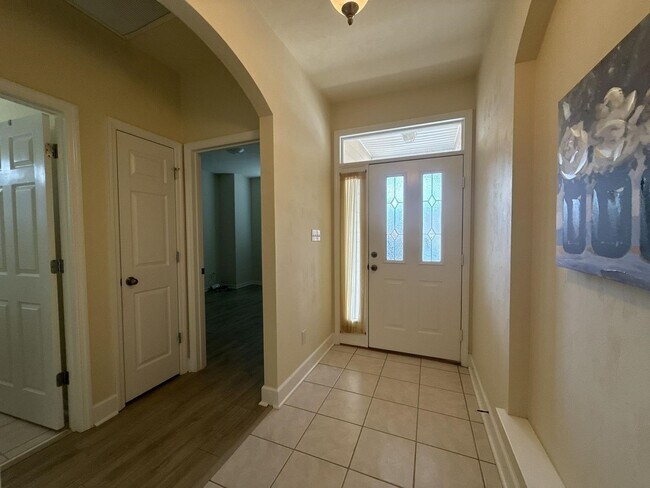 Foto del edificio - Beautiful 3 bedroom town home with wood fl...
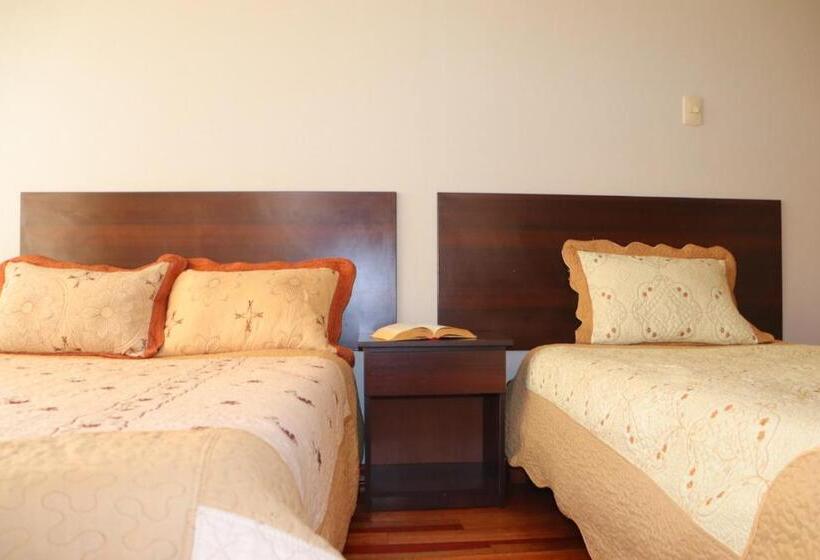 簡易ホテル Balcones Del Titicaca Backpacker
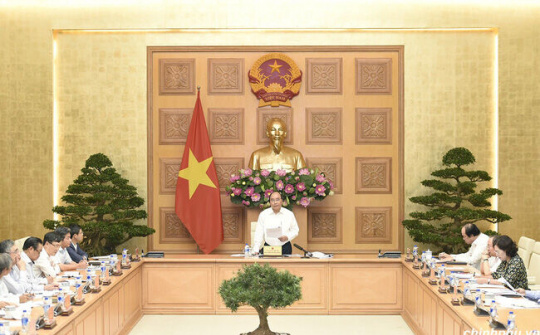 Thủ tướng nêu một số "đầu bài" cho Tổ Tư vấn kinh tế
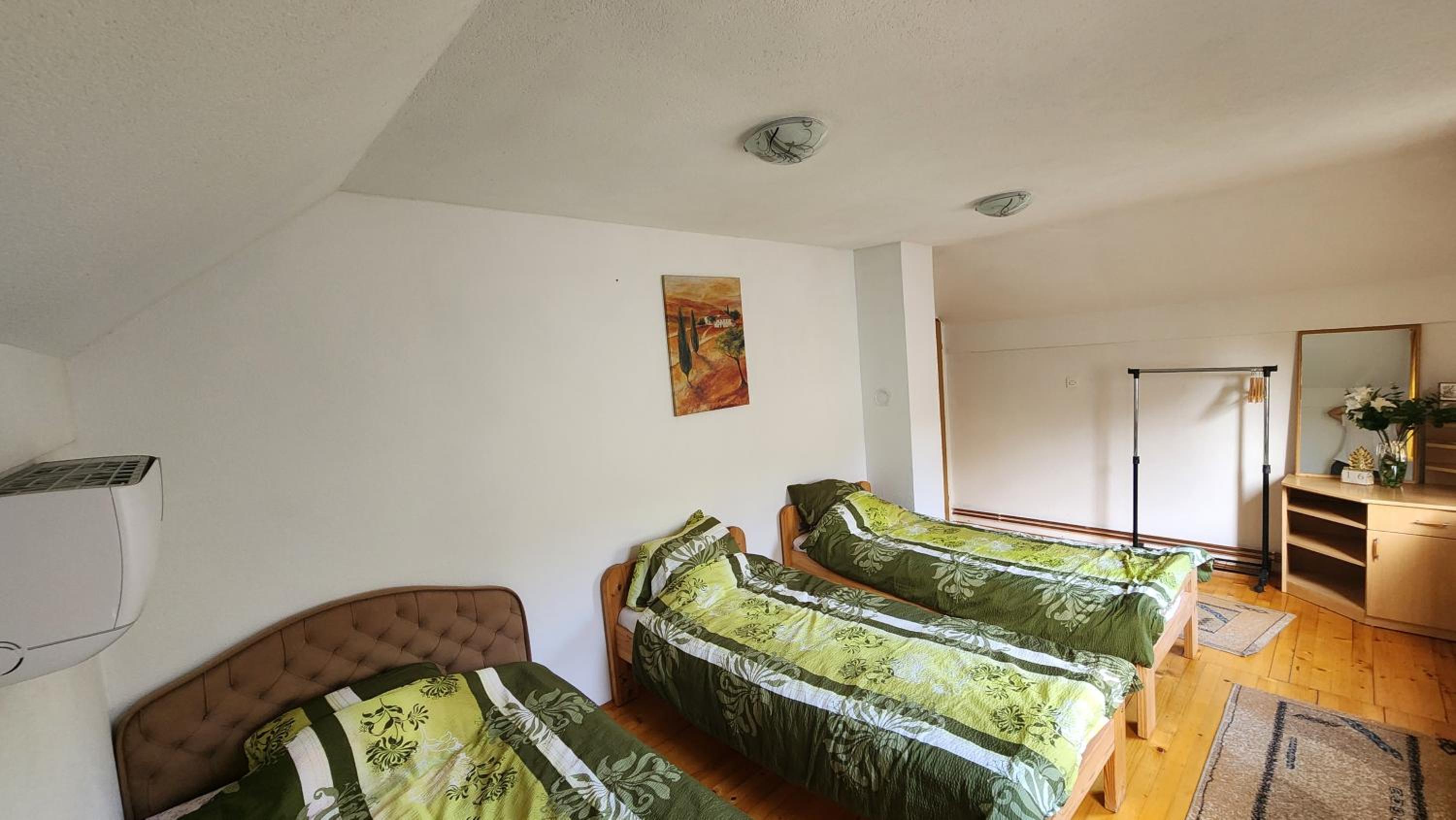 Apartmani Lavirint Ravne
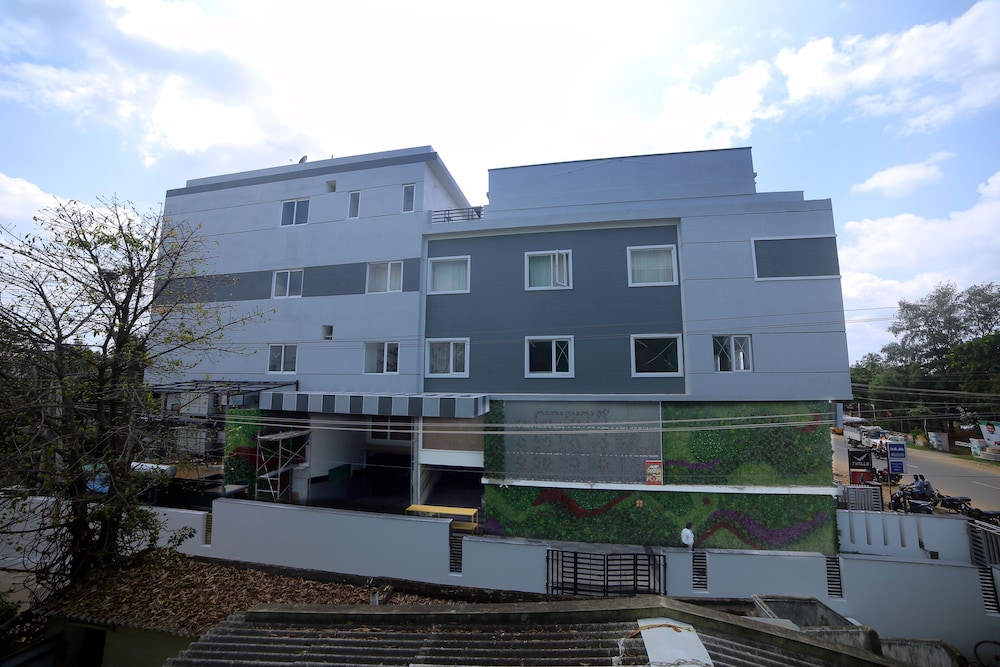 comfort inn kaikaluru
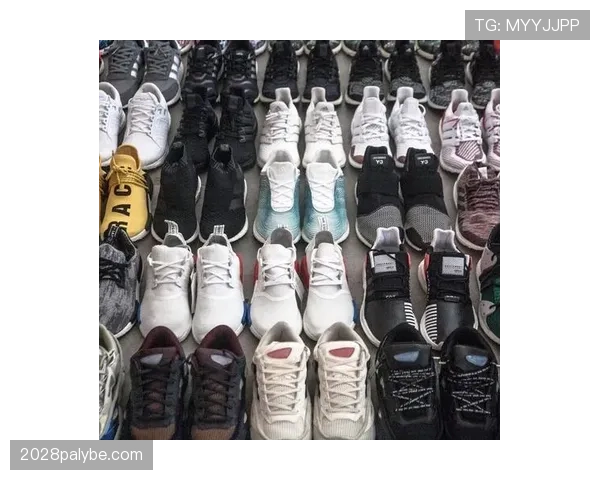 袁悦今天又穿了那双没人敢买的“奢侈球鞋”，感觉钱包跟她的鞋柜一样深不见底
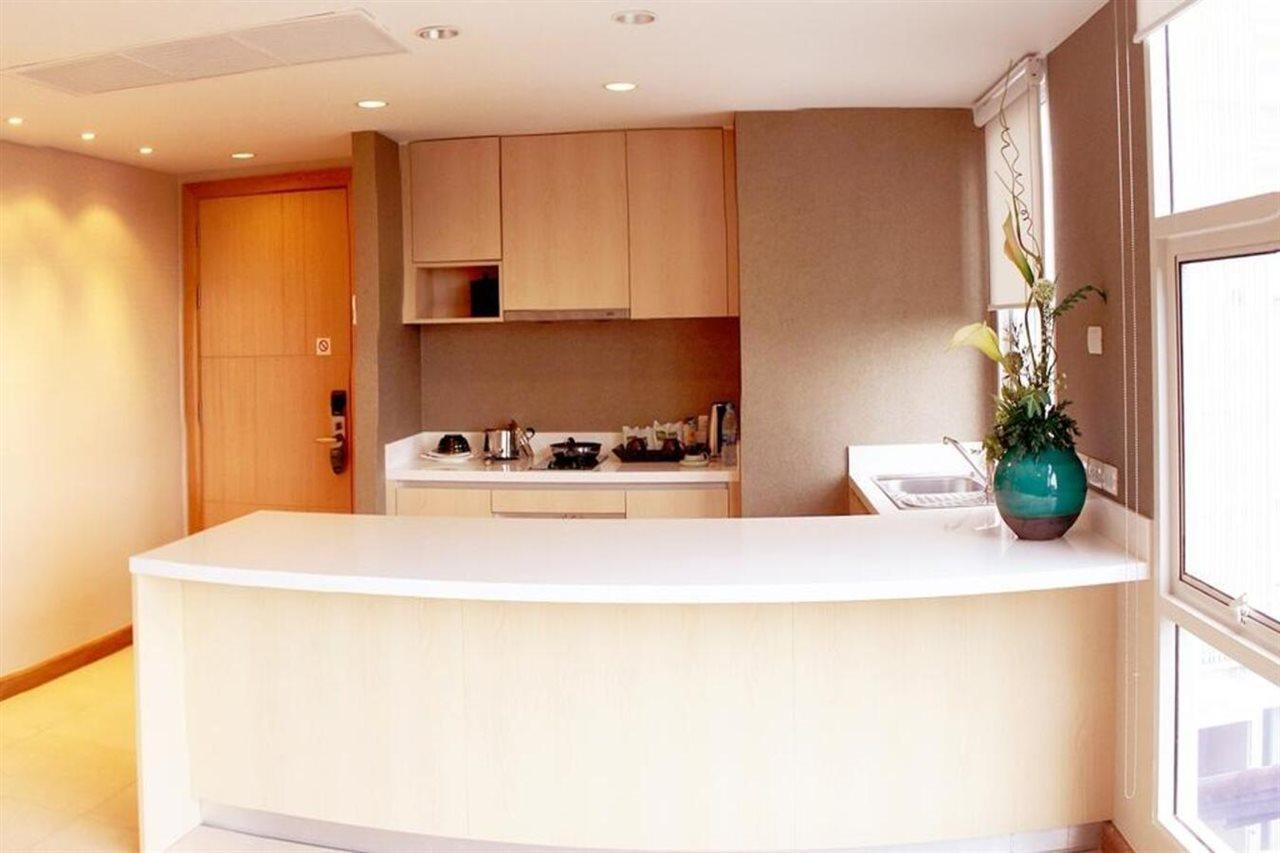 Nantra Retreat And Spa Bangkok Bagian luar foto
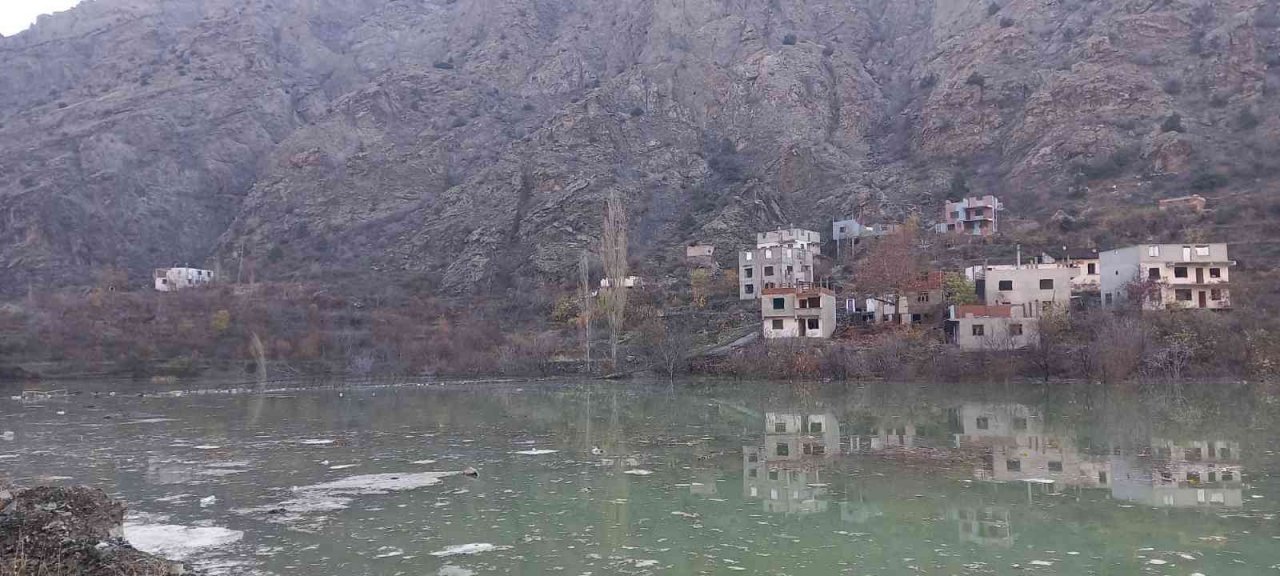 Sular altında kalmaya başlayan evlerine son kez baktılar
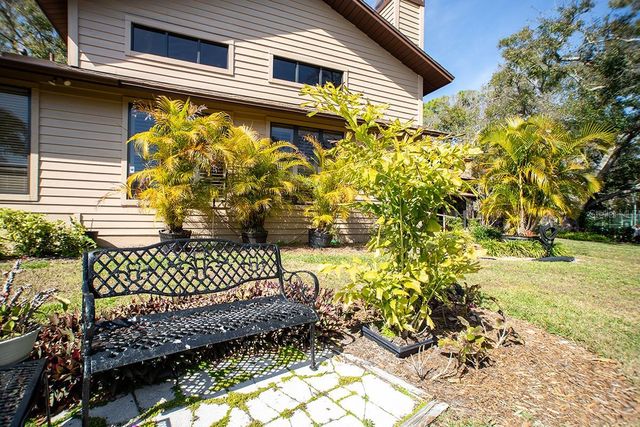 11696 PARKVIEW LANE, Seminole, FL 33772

Problem details: Output the data exactly as it is, with the pictures dropped.

Solution:
 Foto del edificio - Beautiful 3 bedroom town home with wood fl...
 簡易ホテル Balcones Del Titicaca Backpacker
 Thủ tướng nêu một số "đầu bài" cho Tổ Tư vấn kinh tế
 Apartmani Lavirint Ravne
 comfort inn kaikaluru
 袁悦今天又穿了那双没人敢买的“奢侈球鞋”，感觉钱包跟她的鞋柜一样深不见底
 Nantra Retreat And Spa Bangkok Bagian luar foto
 Sular altında kalmaya başlayan evlerine son kez baktılar
 11696 PARKVIEW LANE, Seminole, FL 33772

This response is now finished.